## Task objective
Word for word, return the lines below from the first through the line that has "Jaecoo J7 I", dropping the pictures.

*** Opening of Source information ***

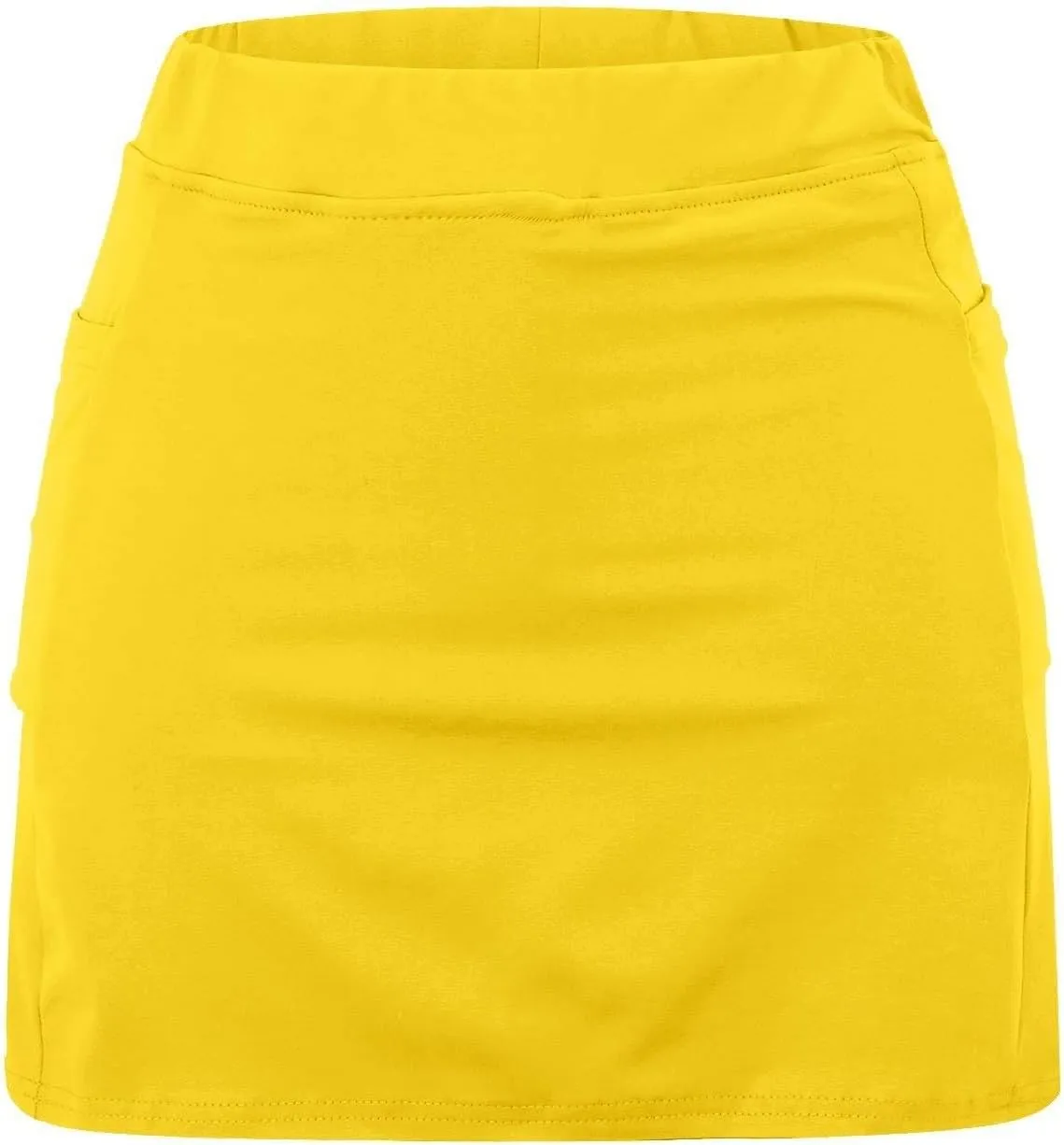 Tennis Skirts for Women with Shorts Casual Workout A Line Athletic Golf Skort High Waist Running Skorts with Pockets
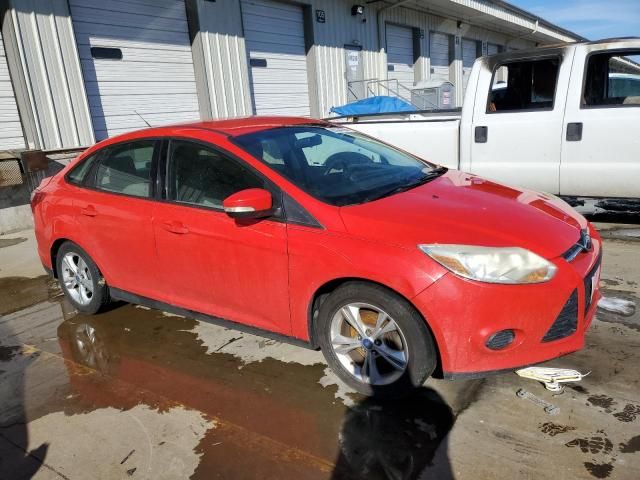 2014 Ford Focus SE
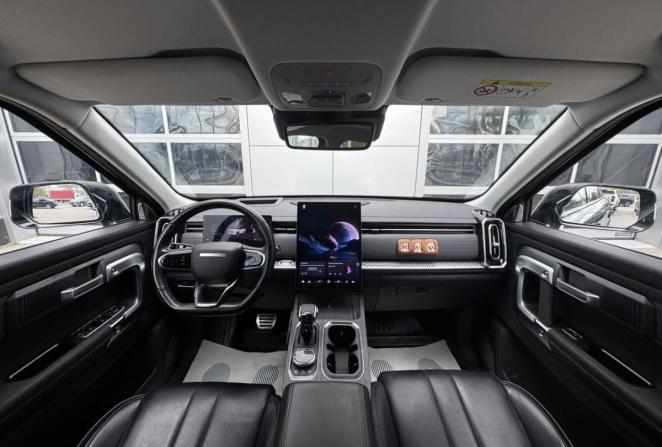 Jaecoo J7 I с пробегом 2023 года, цена 2 500 000 рублей, 23327 км, внедорожник, Автокод Объявления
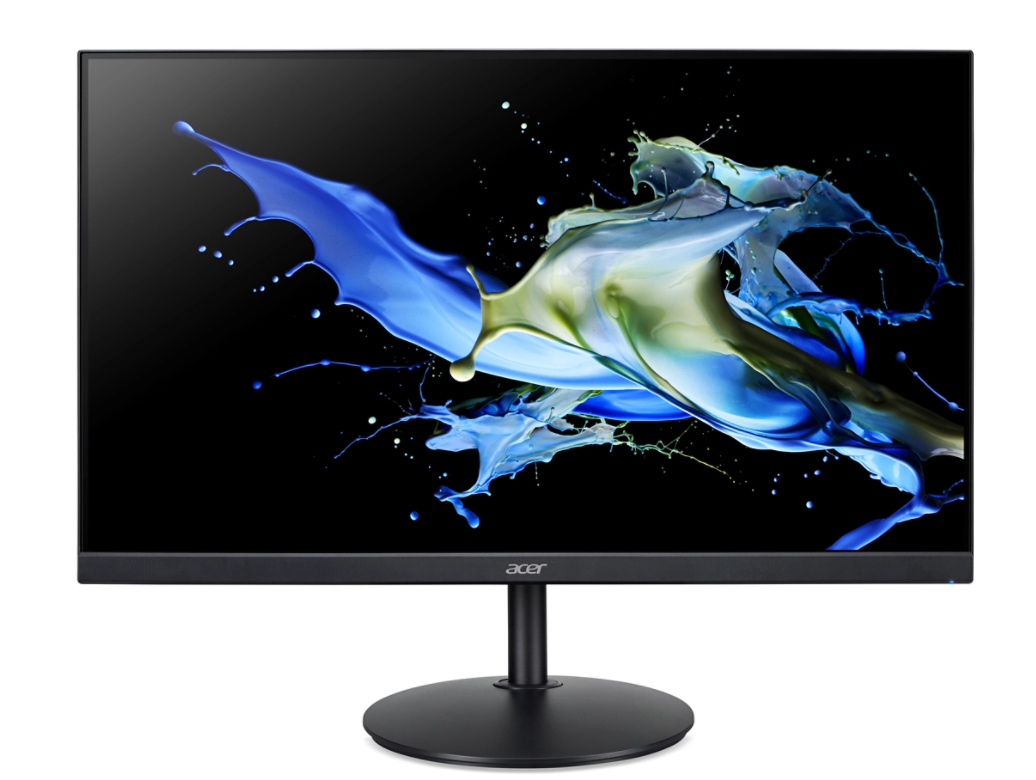 ACER Monitor CB272 / 27" / FHD / HDMI-DisplayPort / ZeroFrame / Pivotante / Regulable altura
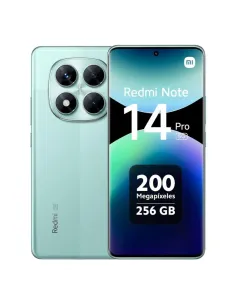 XIAOMI Redmi Note 14 PRO 5G 6,67" 512GB 12GB Green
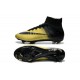 Nike Mercurial Superfly FG Chaussures Football Cuivre Noir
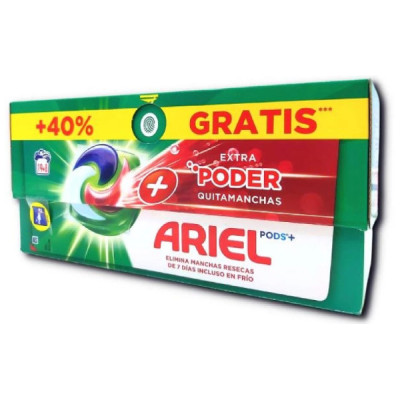 Ariel 27 ks Regular kapsle na praní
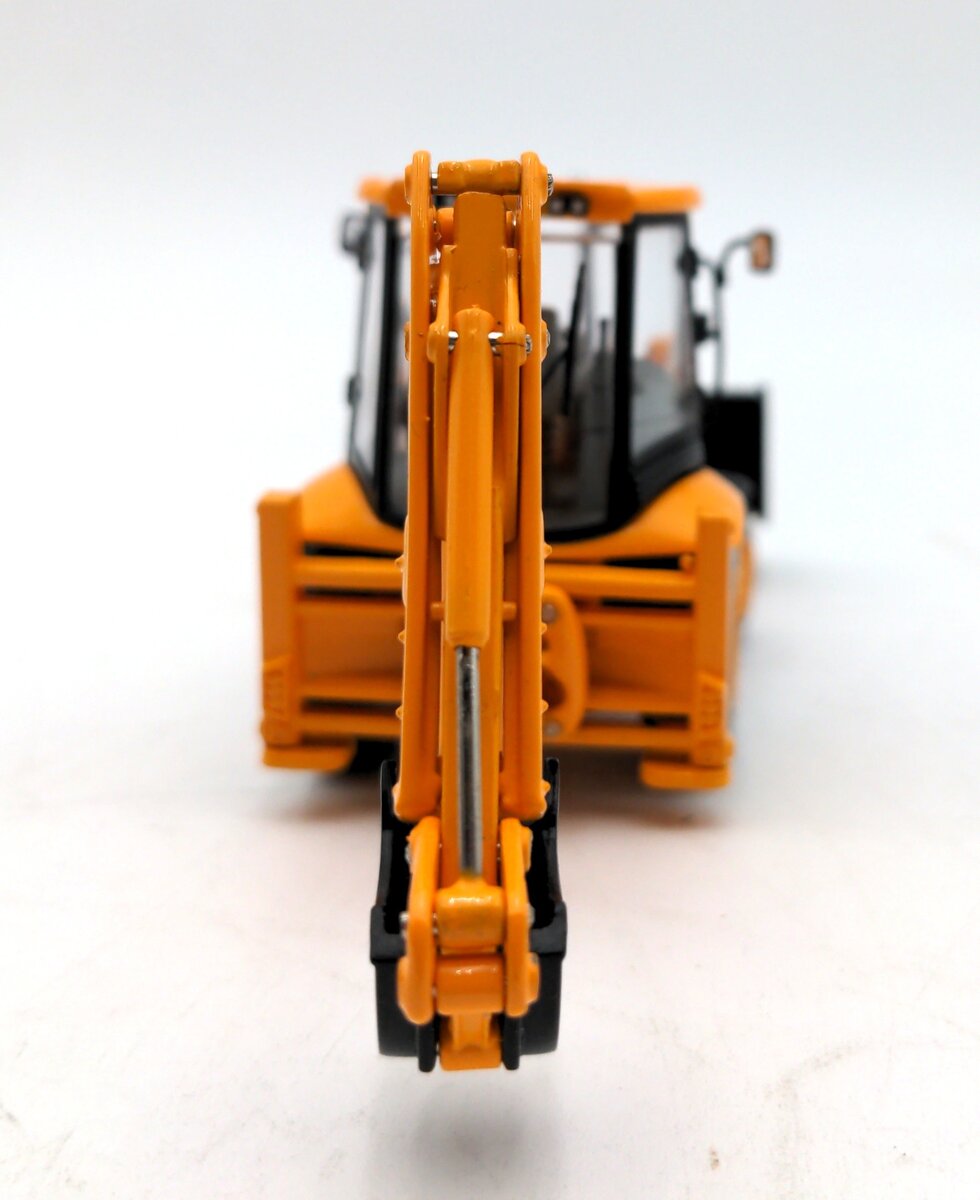 Motorart 3CX 1:50 Scale JCB Backhoe Loader NIB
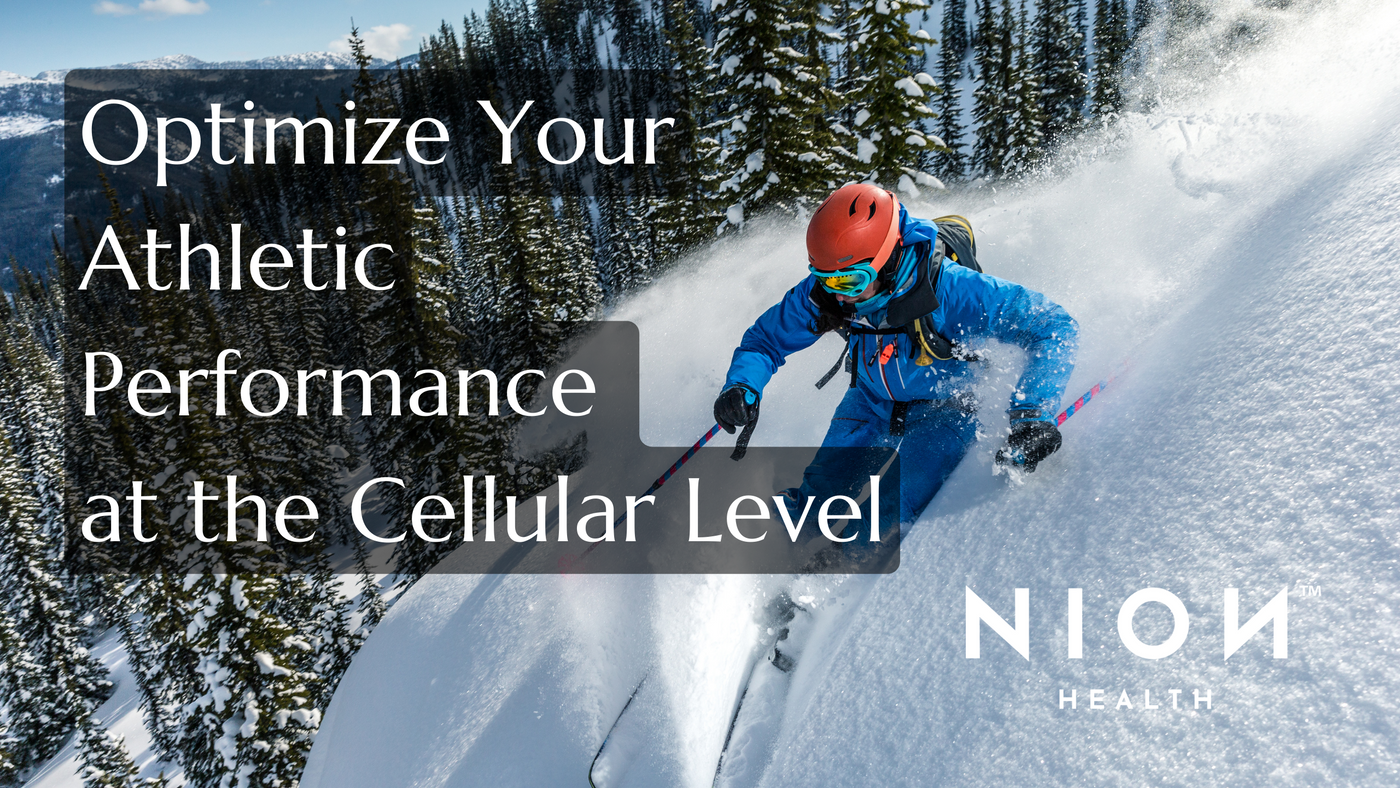 Nion Electrolyte Powder Hydration and Performance for athletes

*** Close of Source information ***

## Solution to this problem
 Tennis Skirts for Women with Shorts Casual Workout A Line Athletic Golf Skort High Waist Running Skorts with Pockets
 2014 Ford Focus SE
 Jaecoo J7 I с пробегом 2023 года, цена 2 500 000 рублей, 23327 км, внедорожник, Автокод Объявления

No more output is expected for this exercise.